Three years after the U.S. Defense Advanced Research Projects Agency (DARPA) and NASA successfully tested a robotic in-flight refueling system, both the air force and navy are now developing systems of their own. Each service uses a different in-flight refueling system, and both are going to use the automated refueling systems to ease the workload of the manned aircraft giving, or getting, fuel. The original DARPA test has an F-18 fighter, modified to operate without a pilot, equipped with new refueling software and hardware, that was able to successfully refuel in the air. The new air force and navy systems are going to use UAVs (an air force X-45C, and a navy X-47B) to get refueled. With this capability, a UAV can stay in the air longer, and no longer have to spend several hours returning to base, landing, refueling, and taking off and returning to its patrol area.
Both services will used manned aircraft, but under control of the automatic refueling software, to test the systems, before using the UAVs. The navy will use an F-18 as a surrogate UAV first. The air force will use a Learjet, then an F-16 as surrogates, before they use the UAV.
For several decades, old fighters have been rigged with remote control capability, so they can be flown without pilots. This way, the old aircraft can be used as targets for air-to-air, or ground-to-air missiles. As far back as the 1970s, such robotic fighters were even successfully used in tests of air-to-air combat operations. All this experience has been used in developing a new generation of robotic combat aircraft. Actually, the first generation of such aircraft will be remotely controlled from the ground, or another aircraft, most of the time. This is possible now because of improvements in communications (especially via satellite links) and sensors (cameras and radars) to give the remote pilots a better sense of where they are. This "situational awareness" is essential for air combat. It is not as essential for delivering the current generation of smart bombs (especially the GPS guided bombs.) Thus UAVs are already being used for bombing missions.

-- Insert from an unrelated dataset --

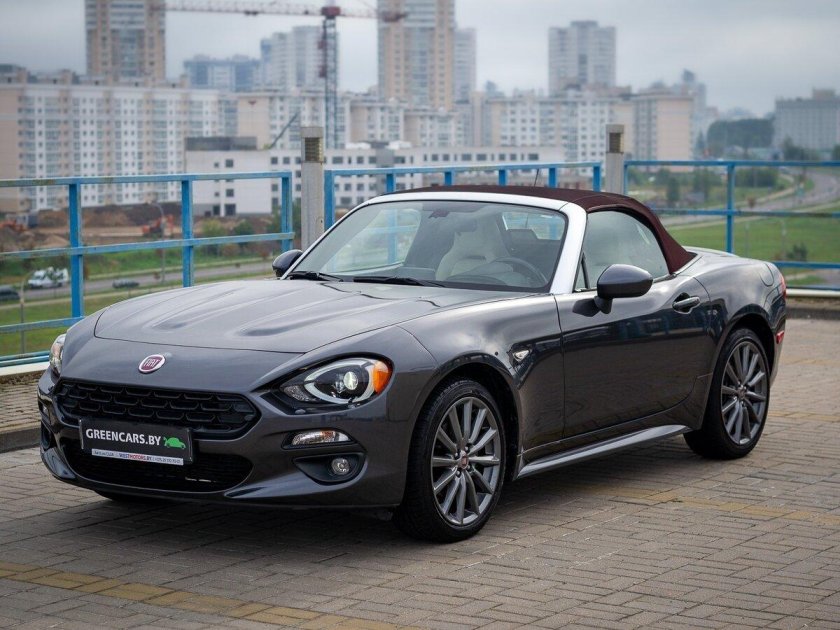 Fiat 124 Spider (2016)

But new advances in flight control software, and sensors (more of them, cheaper and with better capabilities), make it possible to build robotic fighters, and bombers that can operate by themselves. Such capabilities already exist, as current flight control software will act to protect the aircraft if communications is lost with the human controller. Actually, robotic bombers have been around for half a century, they're called cruise missiles. Before the Tomahawk was developed, the navy had several pilotless aircraft designed to deliver nuclear weapons all by themselves. But the new generation of robotic (as opposed to remotely controlled) bombers will receive their orders, and then be sent off to do the job (with a human flight commander observing it all remotely, ready to abort anything not going according to plan.
The in-flight refueling is necessary because unmanned, as well as manned, aircraft can carry more weapons if they can refuel during the mission. For UAVs, such refueling enables these aircraft to stay in the air for days at a time. That's what UAVs are built for. Since fighter pilots have to sleep, and their aircraft are not built for round-the-clock missions, UAVs have a major edge.